Вкладывая слова сомнения в уста Сэма, Диккенс, может быть, сам испытывал то чувство, которое испытывает читатель, закрывая его книгу: как жаль, что кончилась вся эта неразбериха! А может быть, в таком ненастоящем окончании «без конца» неясно для самого Диккенса проявился инстинкт писателя: если бы дальнейшие его литературные успехи оказались не так блестящи и он потерял внимание читателя, ему нетрудно было бы вернуть его, вызвав вновь на сцену мистера Пиквика. Мистер Пиквик воскрес бы и, как воскресший Рокамболь, продолжал бы свои похождения: вне времени их можно было бы продолжать, сколько хватило бы пространства. И действительно — не прошло и двух лет по окончании «Пиквикского клуба», как Диккенс обдумывает план новой литературной затеи с участием мистера Пиквика и Сэма Уэллера, изложенный им в письме к Форстеру (июль 1839 г.).
Это план издания, которое должно было напоминать, по его собственным словам, аддисоновский «Спектейтор» («Зритель»); но, с другой стороны, нетрудно заметить в нем также сходство с планом «Пиквика». Издание должно открываться некоторой вымышленной историей возникновения его, затем вводится нечто вроде маленького клуба, отчет о действиях и похождениях членов которого может быть дан в свободной последовательности; далее могут быть вводимы новые лица и вновь выведены мистер Пиквик и Сэм Уэллер; к этому присоединяются в свободной форме и в произвольной последовательности очерки, рассказы, приключения, письма мнимых корреспондентов; особое внимание уделяется палатам (парламента) и Лондону, о прошлом, настоящем и будущем которого будут вести ночные беседы (Диккенс вспоминает «Тысячу и одну ночь») Гог и Магог (деревянные статуи, украшавшие Гилдхолл лондонского Сити), а также сатирическим статьям, темою которых будет местная юстиция, а формою — переводы «Варварских хроник» несуществующей страны (нечто вроде «Путешествий Гулливера», поясняет Диккенс).

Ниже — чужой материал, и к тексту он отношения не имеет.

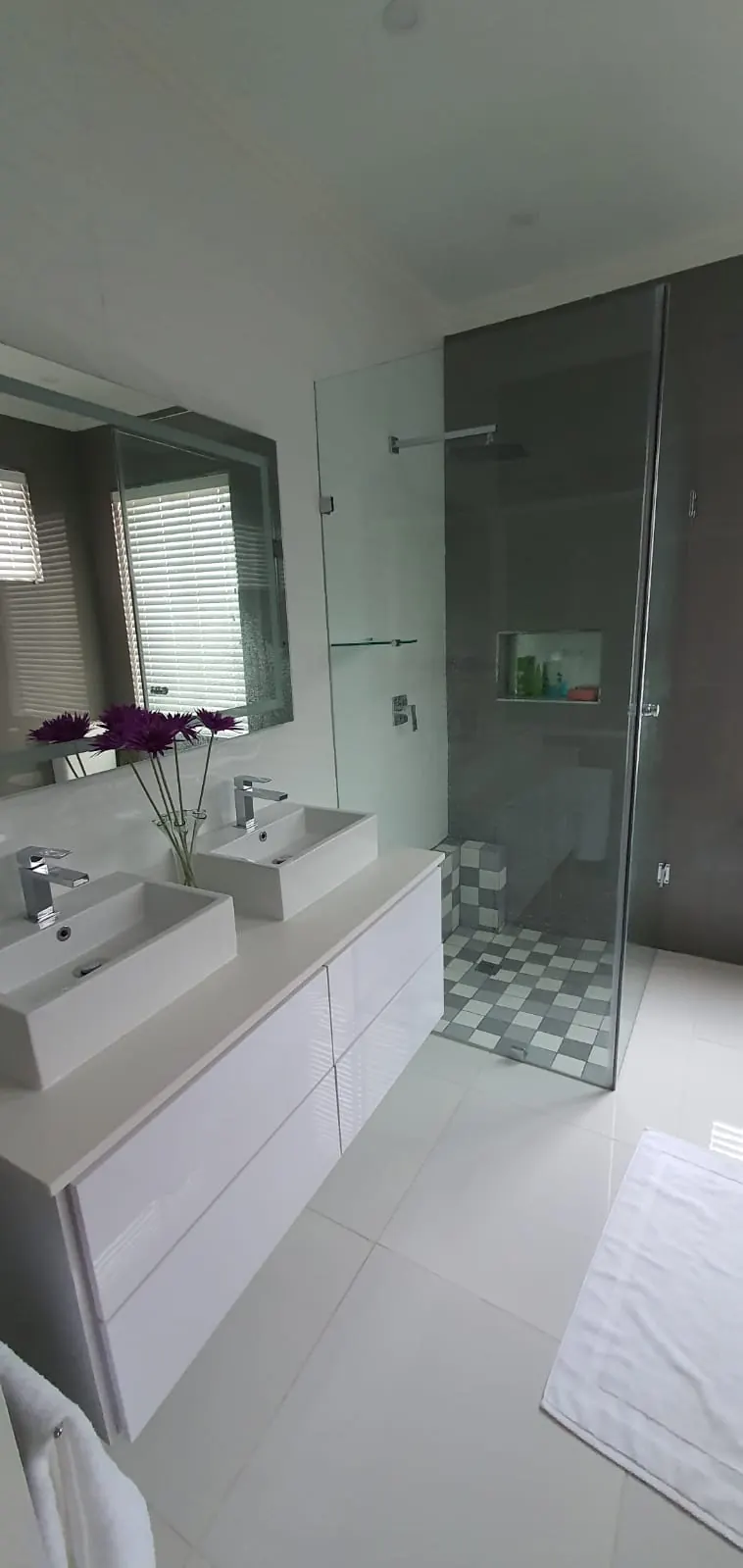 Bathroom with long vanity, mirror and walk-in shower with patterned floor tiles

В следующем, 1840 г. Диккенс начал осуществлять этот план в урезанном и обесцвеченном виде в «Часах мистера Хамфри»; из футляра этих часов доставались рукописи и читались в небольшом кругу друзей. Первый выпуск «Часов» был распродан в огромном количестве экземпляров (около 70 000), но лишь читатели узнали, что это не начало большой повести, спрос на издание упал. Диккенс тотчас изменил план издания и начал печатать «Лавку древностей», которую прервал всего два раза небольшими вставками, страховавшими от неуспеха: в них действовали мистер Пиквик и оба Уэллера. После этих небольших перерывов продолжается и заканчивается «Лавка древностей», а к «Мистеру Хамфри» Диккенс возвращается только затем, чтобы ввести в эту же рамку «Барнеби Раджа» и ликвидировать «Часы». Таким образом, затея оказалась неудачной: две большие повести разорвали слабую раму, и даже воскрешенный Пиквик оказался недостаточной скрепою. Но хотя Пиквик и Уэллеры явились только для спасения автора от литературной неудачи, новая встреча с ними доставила живейшее удовольствие их друзьям.